社会 | 神奈川新聞 | 2015年4月22日(水) 03:00

消火活動に当たる消防隊員ら=21日午前6時10分ごろ、湯河原町宮下(読者提供動画より)
消火活動に当たる消防隊員ら=21日午前6時10分ごろ、湯河原町宮下(読者提供動画より)

 21日午前6時ごろ、湯河原町宮下、女性(66)方から出火、木造平屋建て約55平方メートルを焼いた。焼け跡から額に包丁のような刃物が刺さった女性の遺体が見つかった。小田原署は火災発生後に連絡が取れなくなっている女性(66)とみて身元の特定を進めるとともに、殺人事件として捜査を始めた。火災の6時間前には現場近くのマンションで住人の男性が若い男に鉄パイプで襲われる傷害事件が起きており、県警が両事件の関連を調べている。

 県警によると、遺体は寝室のベッド上で布団を頭まで掛けられあおむけの状態で見つかり、額右側に包丁のような刃物が柄の近くまで深く刺さっていた。
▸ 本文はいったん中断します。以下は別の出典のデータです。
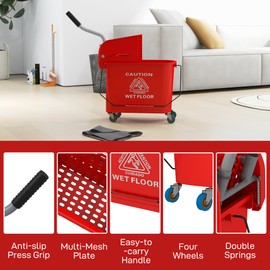 ZJMTOCYU Efficient Bucket with Wringer on Wheels for Floor Cleaning, 21 Quart, Separate Water System, Red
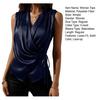 Women Tops Sleeveless Satin Swing Collar Pleated Strap Design Loose Fit Summer Tops Casual Work Party Date Wear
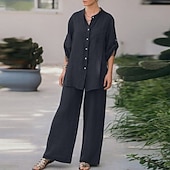 billiga Uppsättningar-Dam Mode Streetwear Skjorta Linneinspirerade set Tvådelade set Linne Byxor Byxor Långärmad Hög krage Ensfärgat Dagliga kläder Datum Marinblå Orange Vår Normal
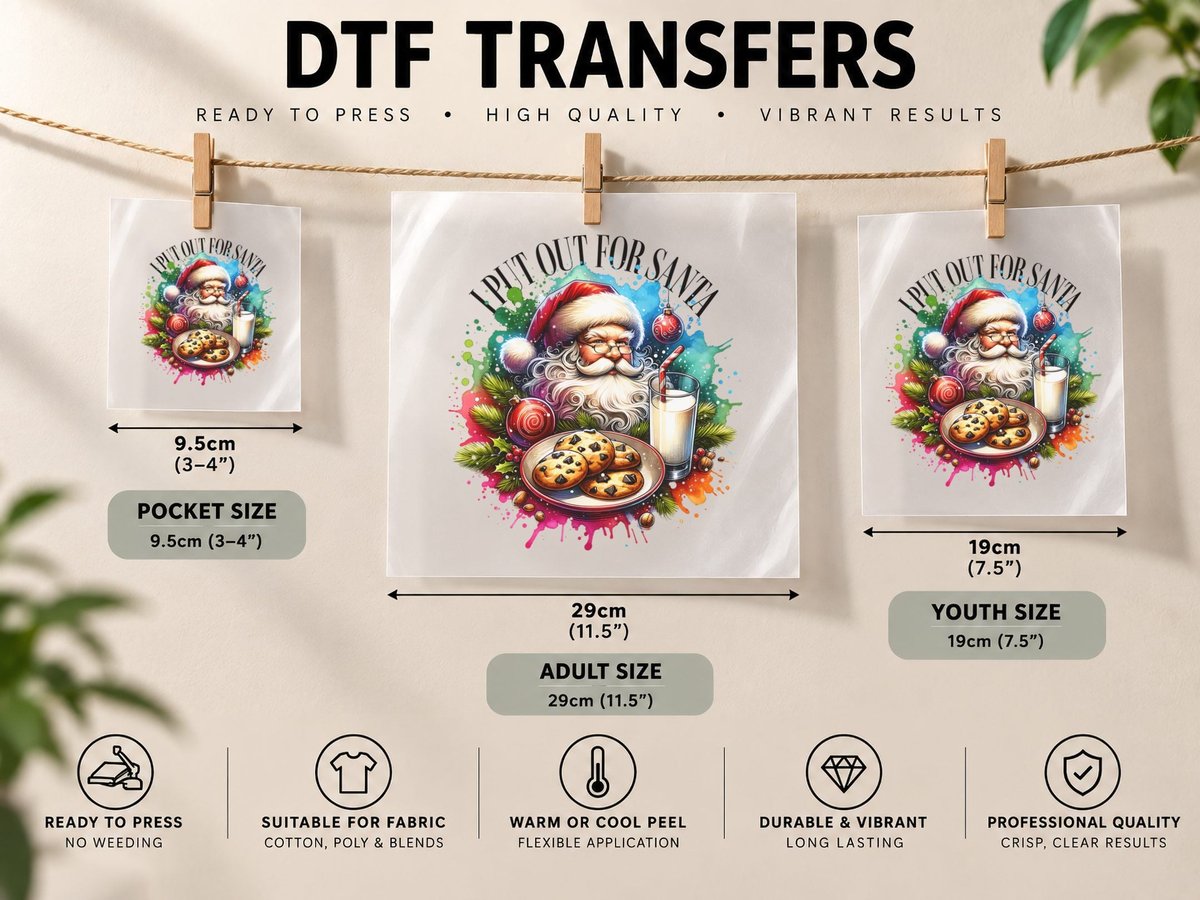 I Put Out for Santa with Santa, Distressed Look DTF Transfer Iron On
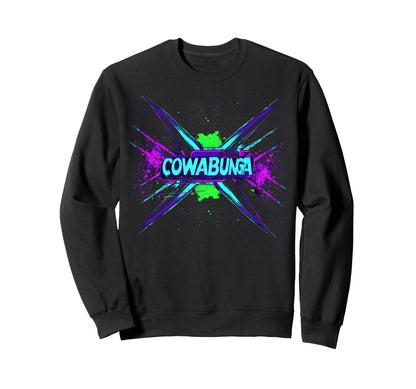 Cowabunga 80S 90S Nostalgia Slang Sweatshirt - Streetwear Style Men Women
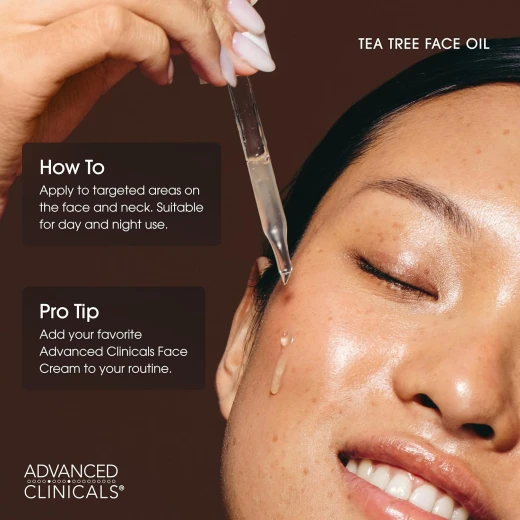 Advanced Clinicals Tea Tree Oil For Skin Facial Serum | Tea Tree Serum For Face With Vitamin E + Botanicals To Help Improve Appearance Of Large Pores & Skintone For Smoother Looking Skin, 53 ml - Advanced clinicals - Image 3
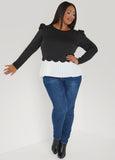 Pleated Paneled Puff Sleeved Top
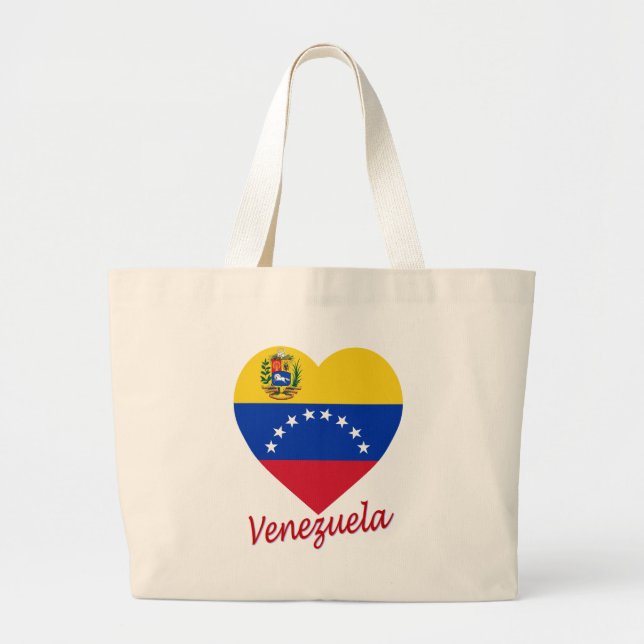 Venezuela Flag Heart Large Tote Bag (Front)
顔の周りにも複数の傷があった。同日夜から司法解剖し、死因を特定する。

 女性(66)は1人暮らしとみられる。寝室隣にあるリビングが激しく燃えており、県警は火元とみている。遺体が見つかった寝室はすすけた程度だった。消防隊が到着した際、玄関は施錠されていたが、ガラス部分が割れていた。

 現場はJR湯河原駅から南西約200メートルの商店街の一角。

 遺体が見つかる6時間前の同日午前0時ごろには、現場から南東約350メートルの同町土肥4丁目のマンションで、60代の男性が無施錠の玄関から部屋に入ってきた若い男に鉄パイプで2回殴られ、頭部に軽傷を負った。男は湯河原駅方向に逃走した。

 同署によると、男は20~30代で身長約170センチ、灰色のパーカを着てフードをかぶり、口の周りをタオルのような布で隠していた。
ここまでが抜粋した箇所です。